Art

Richard Tuttle Asks the Viewer to Look Beyond Appearances at The Phillips Collection

Richard Tuttle has spent the better part of the past 50 years pushing the boundaries of the contemporary art world. His distinctively minimalist artworks are as intriguing as they are perplexing. Though provoking controversy throughout his long-held career, Tuttle’s mark on the landscape continues to be felt as he introduces new modes of artistic representation into institutions around the world.

Tuttle’s latest exhibition, "It Seems Like It’s Going To Be," finds home at The Phillips Collection as part of their Intersections series, where they invite old and new traditions of modern and contemporary art into the same space. The exhibition consists of 41 works which Tuttle based off a 41-verse poem which he also authored. The diverse body of work exists in conversation with works on paper by Matisse, Hepworth, Rodin, and others, that are a part of the Phillips’ permanent collection. Here, Tuttle discusses how he came to this body of work.

This exhibition stands as an example of your ability to constantly challenge and innovate your practice. How did the experience of creating these works differ from past exhibitions? When I was asked to prepare an exhibition, I viewed it as a clarion call for the best I could offer.

Each morning after waking I wait to hear words I call poetry. Sometimes these words make a poem quickly, sometimes it takes months. These words seem to come from the same place as my visual work, so I took a poem of 41 lines (42 days with the title), called “It Seems Like It’s Going To Be,” and tried to find an artwork in the same place the words came from—of course, somehow thinking of the exhibition spaces at the same time. This was not to prove something, or to illustrate the poem, but to see what would happen—to put visual experience, not in a privileged position, but to see, if possible, what is behind that position and why I am so committed to it.
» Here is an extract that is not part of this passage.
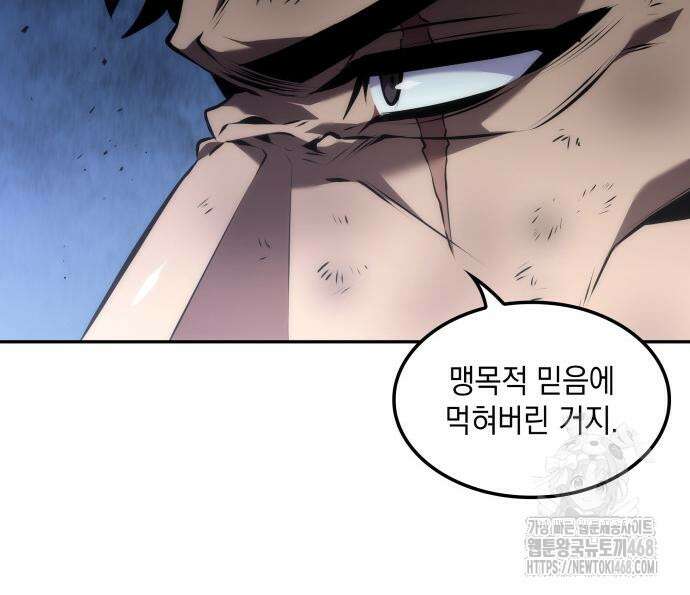 최후의 모험가 61화 20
A further complexity is working to this end in wildly different locales—New York, New Mexico, Maine—though this can give the exhibition a fractal-like cohesion and demeanor I would like to see in it.

Richard Tuttle Exhibition at the Phillips Collection.

How do you view the interconnectedness of different fields of art, such as poetry, music, and your studio practice? Art is a tool for life; every time there is art, we are closer to life.

Where did the idea to pair poetry with art originate? In It Seems Like It’s Going To Be, I wanted to make one work for each verse with the ambition to completely and precisely fill the space offered (including the Phillips’s works on paper). Part of this strategy is fighting for seeing my work as a new form of realism rather than abstraction. Part is giving the visitor richer ways to address my work through the unconscious joy of looking.

How did you arrive at the works that would included in this exhibition? I remember the day in late May when we met in Washington to work. We went to art storage to look at and select drawings to include in the show, going through the complete Phillips inventory of thousands of works on paper. Drawing is something not to be known in itself, but only through going toward painting or toward line. The Phillips Collection, so outstanding in painting, like myself, would privilege “painting.” We chose 17 works on paper, happy that some treasures would be seen unusually, unexpectedly, surprisingly, even, for the first time.

Richard Tuttle Exhibition at the Phillips Collection.

The Phillips Collection’s Intersection series seeks to show work that engages with the museum’s permanent collection and architecture. How did you include these elements in your work on view? We did a walk through of the newly renovated second floor of the House, placing the 41 works, already created. An unbelievable correspondence took place, where each work—of an unusually diverse exhibition—took its place in rooms varying from re-purposed bedrooms to contemporary exhibition spaces. In addition, one had sub-themes in development, works talking with each other across divides.

Your work has often been referred to as enigmatic. Do you intentionally create mysterious, sometimes difficult-to-read work or is it merely an after-effect of your creating process? Many wonders, not foreseen, were in the unwritten charter to behold, and I am stupefied to be both its supporter and a fulfiller of its liberal promise through my art, which comes out of nowhere, lands in our world, and makes it no less than our world. That quizzical unlikelihood of all likelihoods circled Duncan Phillips’s thought, mine as well. But the work in space breaks free. This is what I want to celebrate.

How does this exhibition beckon viewers to look beyond what they are seeing? I wonder how the visitor will assimilate the lines of the poem with their visual experience. Generally, I feel the poem’s lines should be above the work as wall mounts, but in the House galleries, the ceilings are not always high enough, so side positions are sought. Certain large works are equal to very small works in having one line apiece. This pleases me enormously because language can strike us just as much softly or in gusto form, the flexibility of art and culture rarely achieved.